Brief descriptive captions

──────────────────────────────

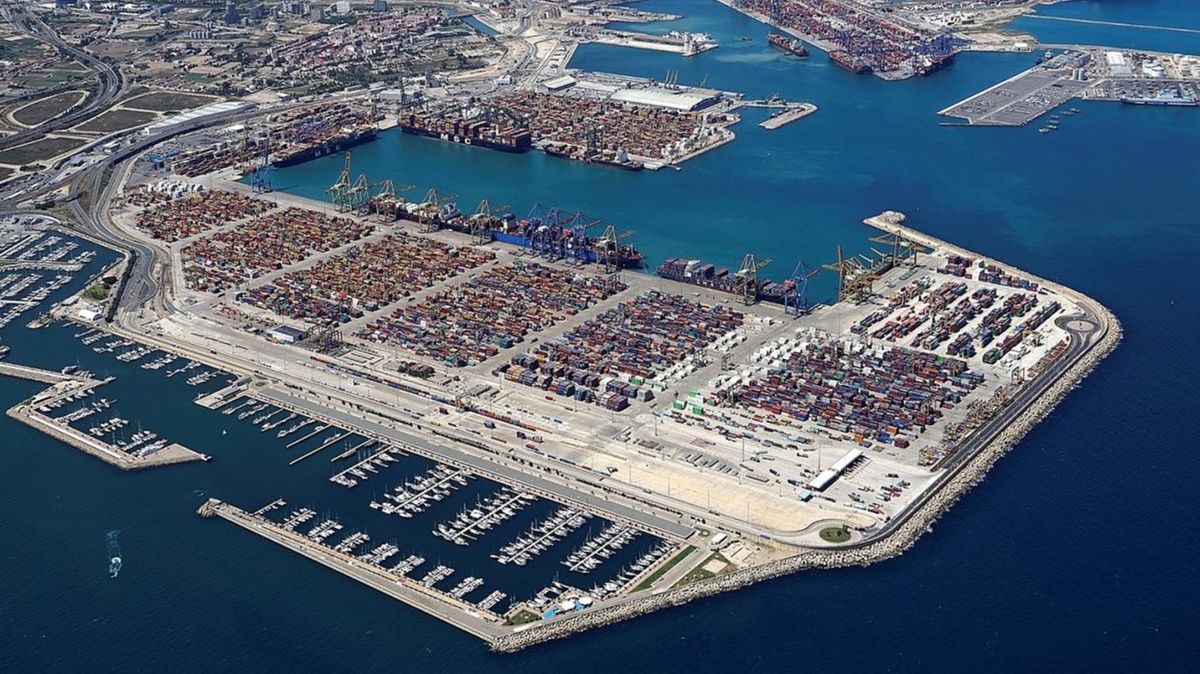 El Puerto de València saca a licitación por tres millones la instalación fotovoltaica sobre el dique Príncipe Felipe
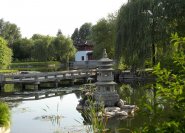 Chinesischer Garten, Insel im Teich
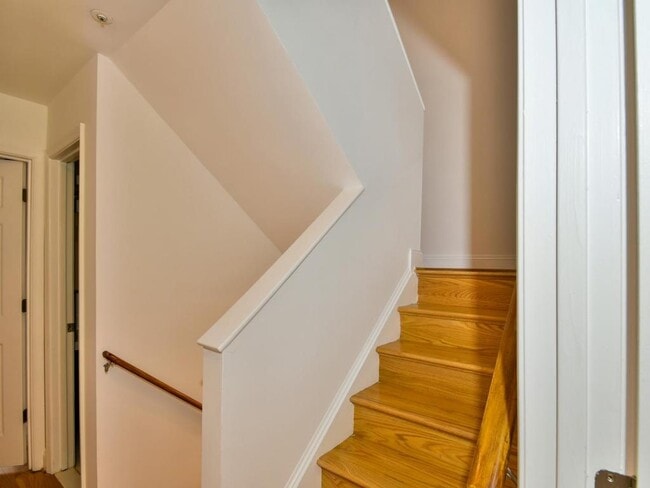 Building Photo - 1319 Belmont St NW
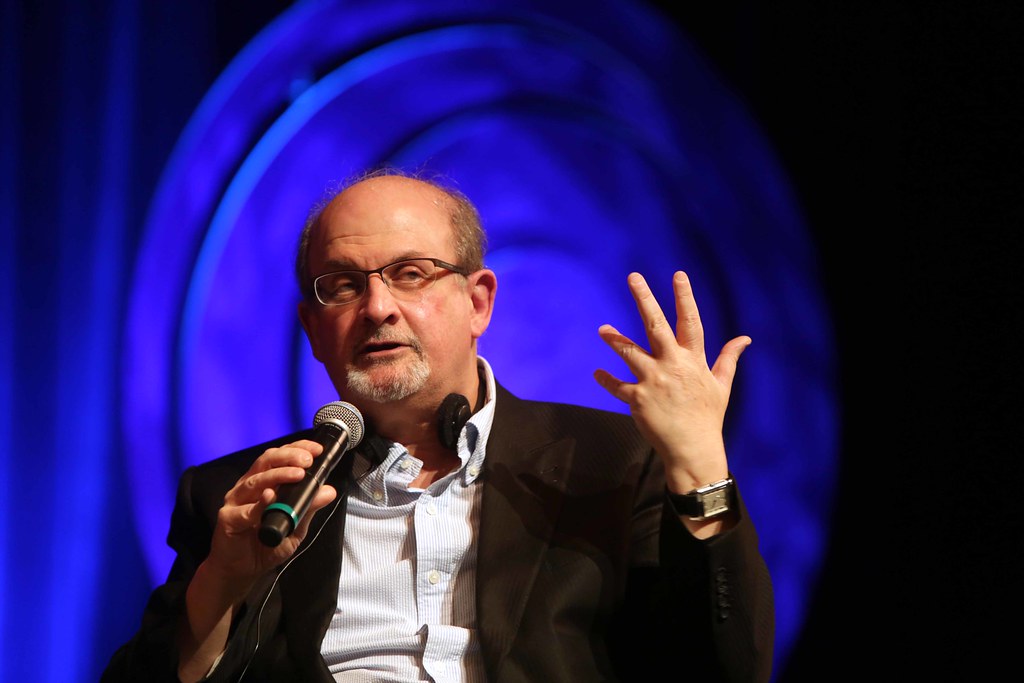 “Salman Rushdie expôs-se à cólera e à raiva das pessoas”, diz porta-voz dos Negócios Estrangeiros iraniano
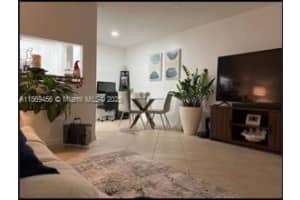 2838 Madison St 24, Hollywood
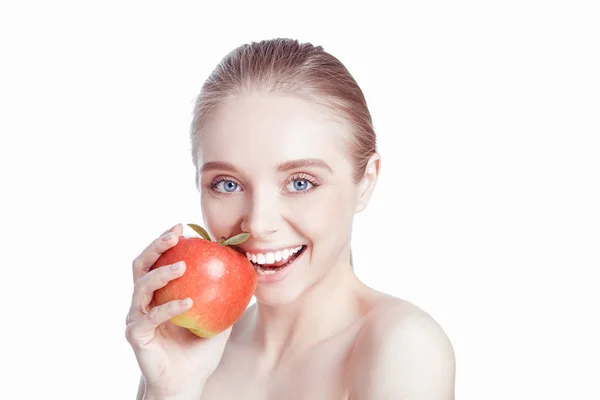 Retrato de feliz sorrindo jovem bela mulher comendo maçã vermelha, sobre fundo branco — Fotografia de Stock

──────────────────────────────

In the entries above, find the line containing "2838 Madison St 24, Hollywood", then please retype it and every line after it through the last, exactly as written, omitting pictures.

 2838 Madison St 24, Hollywood
 Retrato de feliz sorrindo jovem bela mulher comendo maçã vermelha, sobre fundo branco — Fotografia de Stock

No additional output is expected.